First complaint before pre-processing:

In [4]:
print(complaints_df.iloc[0, 2])

received capital one charge card offer xxxx. applied, was accepted ( {$500.00} limit ), activated card and used for xxxx presents. charge card # xxxx. right after activating card ... capital one sent me another card with same {$500.00} limit ... never activated ... never used that card. first bill from above card # came due xxxx and minimum payment due was {$15.00}. i sent in {$20.00} via uspmo and sent in before due date. with the xxxx non-activated, non used credit card ... ..they also sent me bill for some yearly fees when never even activated the card. so called them up ... ... .told them did not want the card and sent back to them. well ... .get my next bill from the card # above ( xxxx ) ... .they did not credit me for the {$20.00} payment and charged me outrageous over the limit fees, late fees, etc ... and now {$70.00} payment due. so, i called up, their rep stated they accidentally applied my {$20.00} payment to wrong account number and would be corrected. so, i sent in a {$70

## Make lower case

Words with and without capital letters are considered to be different words by the nltk package. I can simplify the problem by making all letters lower case.

In [5]:
for col in complaints_df.columns:
    complaints_df[col] = [element.lower() for element in complaints_df[col]]

## Tokenize, lemmatize and remove stop words

Here I tokenize each of the complaints by splitting them into a list of separate words, i.e. a 'bag of words'. I also discard away punctuation and numerics at this point. This will make the remaining steps easier.

I use lemmatization on each word to its root to save space, speed up the following analysis, and minimise any kind of overfitting to non-meaningful words. There is also an option for stemming if lemmatization ends up being too slow.

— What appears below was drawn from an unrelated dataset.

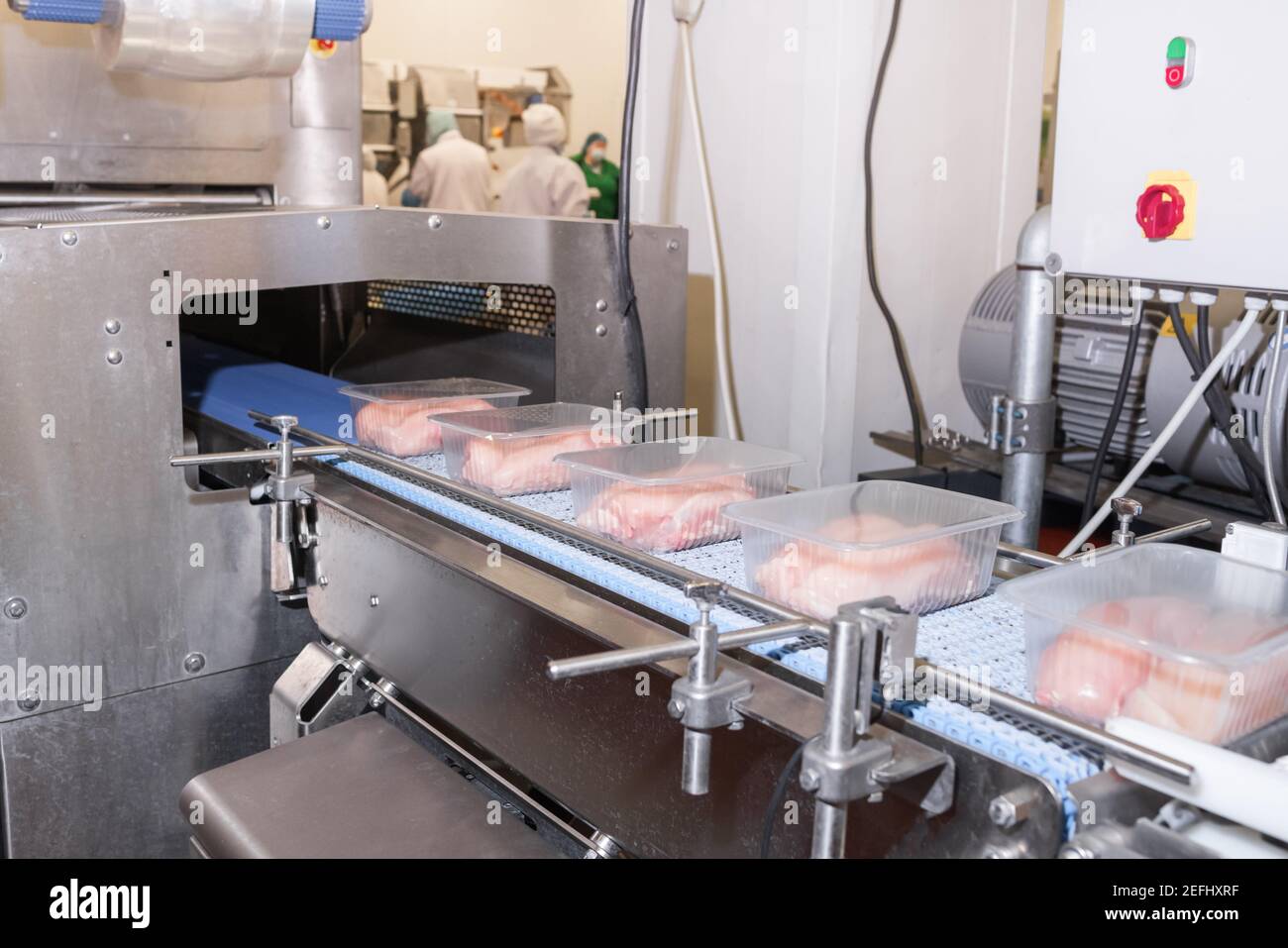 Conveyor Belt Food.Factory for the production of food from meat.Production line with packaging .Food products meat chicken in plastic packaging on the Stock Photo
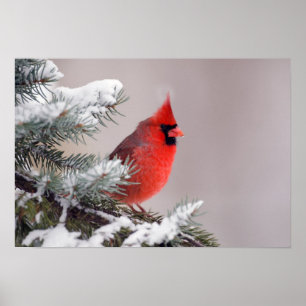 Northern Cardinal Perched In A Tree Poster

Stop words are commonly occuring words that take up space and add little meaning. Here I remove the stop words to reduce the size of the problem even further. "xxxx" is a a string used to replace words used in the consumer complaints with confidentiality issues. This string occurs frequently but as its meaning is obscured it adds no value. So here I add it to the list of stop words.

In [6]:
stop_words = stopwords.words('english')
stop_words.append("xxxx")

In [7]:
# Function borrowed from https://www.kaggle.com/alvations/basic-nlp-with-nltk
def penn2morphy(penntag):
    """ Converts Penn Treebank tags to WordNet. """
    morphy_tag = {'NN':'n', 'JJ':'a',
                  'VB':'v', 'RB':'r'}
    try:
        return morphy_tag[penntag[:2]]
    except:
        return 'n' # if mapping isn't found, fall back to Noun.

In [8]:
pattern = r"\w+"
complaints_list = []

# For stemming
# ps = PorterStemmer()

# For lemmatization
lem = WordNetLemmatizer()

for i in range(n_rows):
    complaint = regexp_tokenize(complaints_df.iloc[i, 2], pattern)
    tags = nltk.pos_tag(complaint)
    # For stemming
    # complaints_list.append([ps.stem(word) for word in complaint if word not in stop_words and word.isalpha()])
    
    # For lemmatisation
    complaints_list.append([lem.lemmatize(word, pos = penn2morphy(tag)) for word, tag in tags\
                                          if word not in stop_words and word.isalpha()])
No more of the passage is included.